TradeStation Securities, Inc. has agreed to pay an $85,000 fine and received a formal censure from the Financial Industry Regulatory Authority (FINRA) for distributing misleading retail communications related to crypto assets, according to a Letter of Acceptance, Waiver, and Consent (AWC) signed on July 25, 2025.
FINRA found that from July through September 2022, TradeStation disseminated promotional content regarding crypto-related services without clearly disclosing that these assets were not offered through a FINRA-registered broker-dealer. Instead, they were provided by an affiliate that was not a FINRA member.

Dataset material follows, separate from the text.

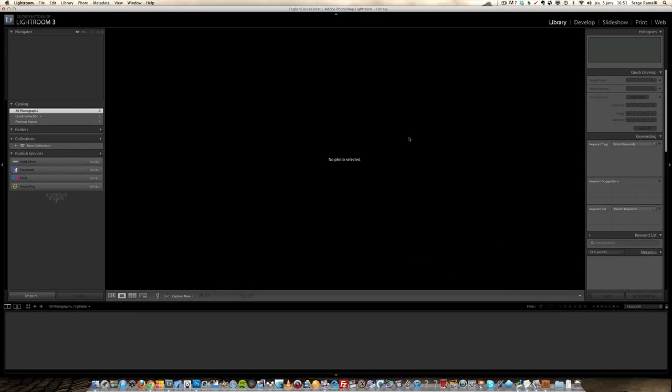Hello and welcome to this first video tutorial on using the basics of Lightroom. So here we are, I just opened up Lightroom version 3 and right now it's completely empty because I created an empty catalog, just like if you would install Lightroom for the first time on your Mac or PC.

The firm’s marketing materials, including webpages, emails, and social media posts, also failed to present a fair and balanced view of the risks involved in crypto investments.

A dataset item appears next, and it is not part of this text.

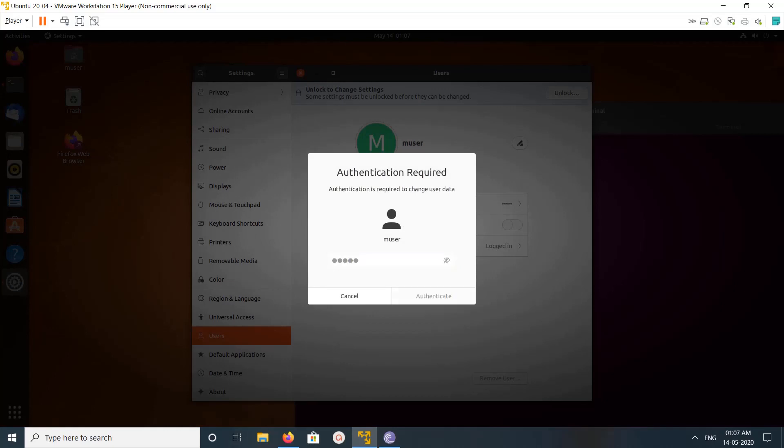So now we can enable automatic login. Click on that. See, now it's enabled.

TradeStation’s language blurred the lines between regulated and unregulated offerings
According to FINRA, these communications violated FINRA Rule 2210’s content standards, including failing to distinguish between services offered by TradeStation and those offered by its affiliate. One example cited by the regulator was a webpage stating that “TradeStation provides award-winning trading and analysis platforms and self-clearing online brokerage services for stocks, ETFs, equity and index options, commodity and financial futures, futures options, and cryptocurrencies.” The language blurred the lines between regulated and unregulated offerings.
Another cited instance involved a social media video that described TradeStation as a platform that allows users to “buy, sell, and trade many types of stocks, ETFs, and several cryptocurrencies,” without clarifying that the crypto products were handled by a separate entity not subject to the same regulatory protections.
FINRA determined that TradeStation violated Rules 2210(d)(1)(A), 2210(d)(1)(B), and 2210(d)(3), which cover fair dealing, prohibitions against misleading statements, and proper disclosure of member relationships and product offerings. These violations also constituted a breach of FINRA Rule 2010, which requires members to observe high standards of commercial honor.
TradeStation’s affiliate has since ceased offering crypto asset services, and the firm no longer distributes related communications. The firm waived its rights to a formal complaint or hearing and accepted the sanctions without admitting or denying the findings.
The sanction adds to ongoing regulatory scrutiny of crypto-related marketing by financial firms, as FINRA and other regulators continue to examine how retail investors are introduced to digital asset products—particularly through broker-dealers operating alongside unregulated affiliates.
In May, TradeStation Securities added CME Group’s XRP futures contracts to its product lineup, continuing its expansion into regulated cryptocurrency derivatives. The brokerage now offers both micro (2,500 XRP) and large (50,000 XRP) sized contracts to eligible clients through the CME’s regulated futures market.